I once tried to explain the concept of eating mindfully to my son, as I watched him devour a plate of spaghetti.

He looked at me like I’d really lost my marbles and with a voice full of disdain said “Mom, I think I know what I’m eating.”

However, eating mindfully goes beyond knowing what’s on your plate.

It’s about recognizing when you feel satisfied, rather than eating to the point of feeling ill.

It’s the difference between acknowledging that you’re indeed holding a plus-size bag of potato chips and realizing before you’ve eaten the entire bag, that you:

A)  Don’t care all that much for the flavor

B)   Aren’t particularly hungry

C)   Could have stopped after the first handful

That’s what we call being aware, as well as mindful of what we’re putting in our mouths.

A frequently cited example of mindful eating, asks that you focus on a single raisin.

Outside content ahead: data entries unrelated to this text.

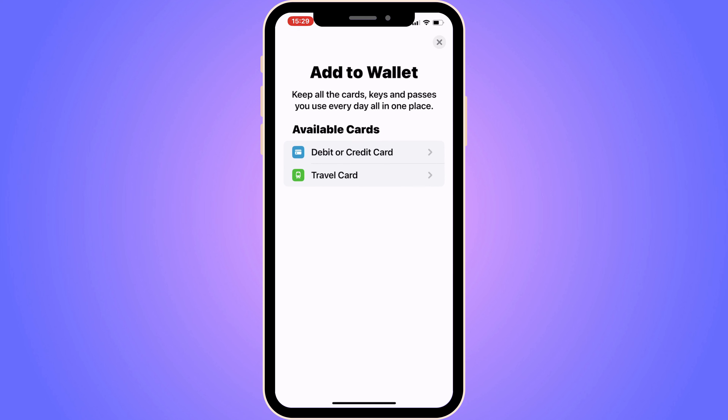Now you should be taken to this page, and as you can see, we get two alternatives here. It says Debit or Credit Card, or Travel Card. So just click on the first one where it says Debit or Credit Card.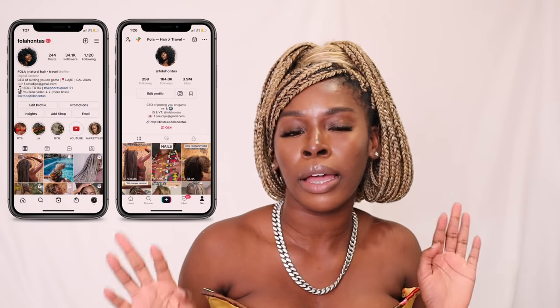Because who said braids can't be birthday hair? Comment below which hairstyle you really mess with and what you were trying to recreate, and tag me on Instagram or TikTok — I think these are so fire and I'd love to see more styles like this with braids. If you haven't subscribed yet after all these looks, like this video because I put in a lot of work. Share with your girls. See you in my next one!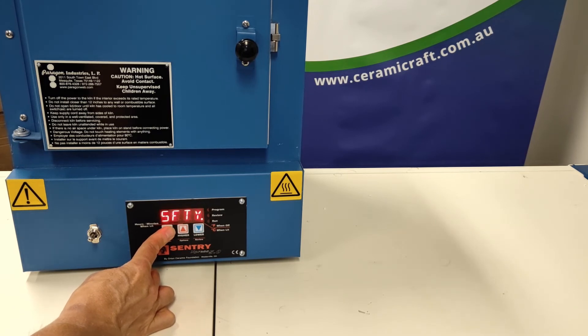Toggle through the rest of the options. The safety is the maximum firing temperature. The user is the number of user programs available. Then the delay, and then back to idle.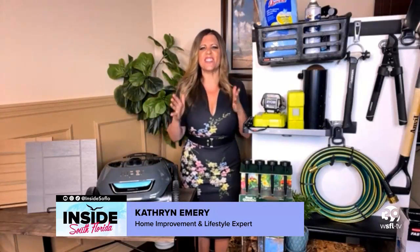Well, summer is officially here and our friend, home improvement and lifestyle expert Catherine Emery, is back with four of the hottest products you need this summer. Welcome back — what do you have for us?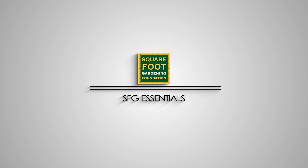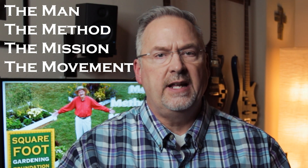Come on, let's go. Hey, how you doing? On behalf of the Square Foot Gardening Foundation, I'm Rick Bickling, the How to Do Gardener. The story of square foot gardening can be distilled down to the four M's: the man, the method, the mission, and the movement.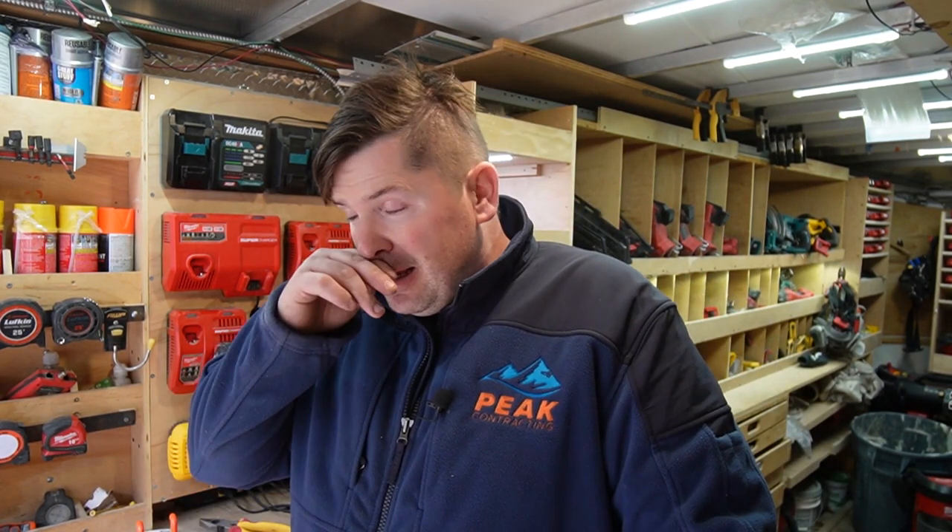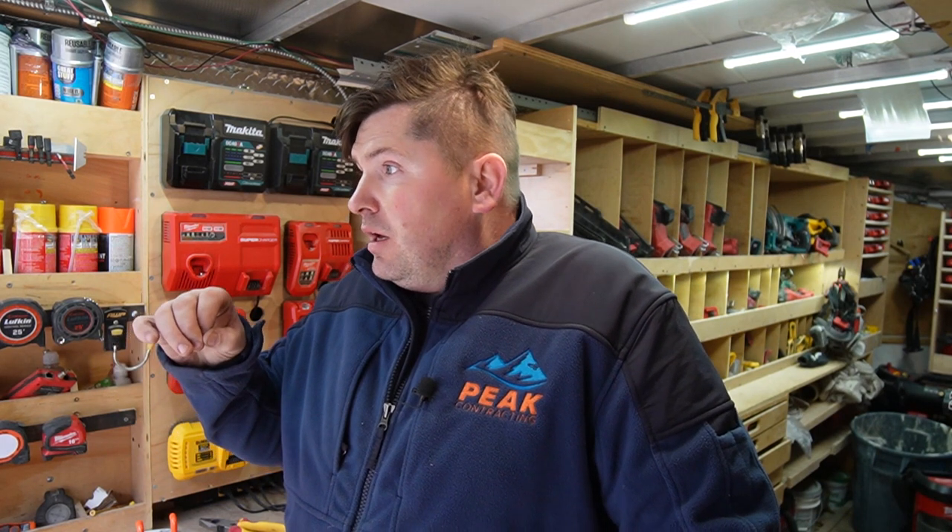Alright guys, this is my current trailer. This is video number one on the new trailer build. I'm going to go through what I want to change on the new trailer from this one and my reasons for upgrading. Let's get into it.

The idea is to really taste it.

To notice it’s sweetness, the chewy texture – even the wrinkly brown color, before you pop it into your mouth.

You might even realize – after years of eating raisins – that you don’t even like them that much, or that they’re much too sweet for your taste buds.

Moments like that create a huge aha!

Eating mindfully means engaging ALL your senses.

It starts in the kitchen, of course, when you’re first preparing a meal.

That’s when you notice the sputtering sound that olive oil makes when heated in a pan, or the heavenly aroma that subsequently fills your nostrils.

It means noticing the velvety texture, should you lick a drop of oil off your finger – plus the bland taste.

Unless, of course, your choice of oil is flavored, in which case your taste buds might be instantly awakened by a more nuanced tanginess.

Eating mindfully adds another layer of awareness to those of us on a gluten-free diet.

I say this because maintaining a gluten-free – or allergen friendly lifestyle – requires a certain amount of awareness by its very nature.

We can’t afford to take chances – our health and well-being depends on it.

That said, I don’t always eat as mindfully as I could, although I certainly do try.

More often than not, at the end of the meal, I find myself wishing I’d eaten slower and really taken in the flavors and texture of my meal.

Taking in our food visually, and admiring the colors or the presentation – that’s the easy part.

Really noticing what we’re eating – and why we’re eating it – that’s the part that’s hard.

So, that’s the challenge.

What do you think YOU could do differently?


  1. Love this post Karen! One thing I ask my clients (and myself) is: Do you eat while you’re doing something else – watching tv, driving, standing, etc.? If so, you’re not eating mindfully – you’re eating in distracted mode, and you can’t really enjoy your food that way (or notice when you’re full). Thanks for the great reminder.

    • Thanks for the feedback, Janelle – I’m glad you found this post helpful! I find it’s on-going challenge to be a mindful eater but important to be aware of. One of the speakers at the GIG Conference focused on Mindful Eating – she was excellent! Gave me even more to think about!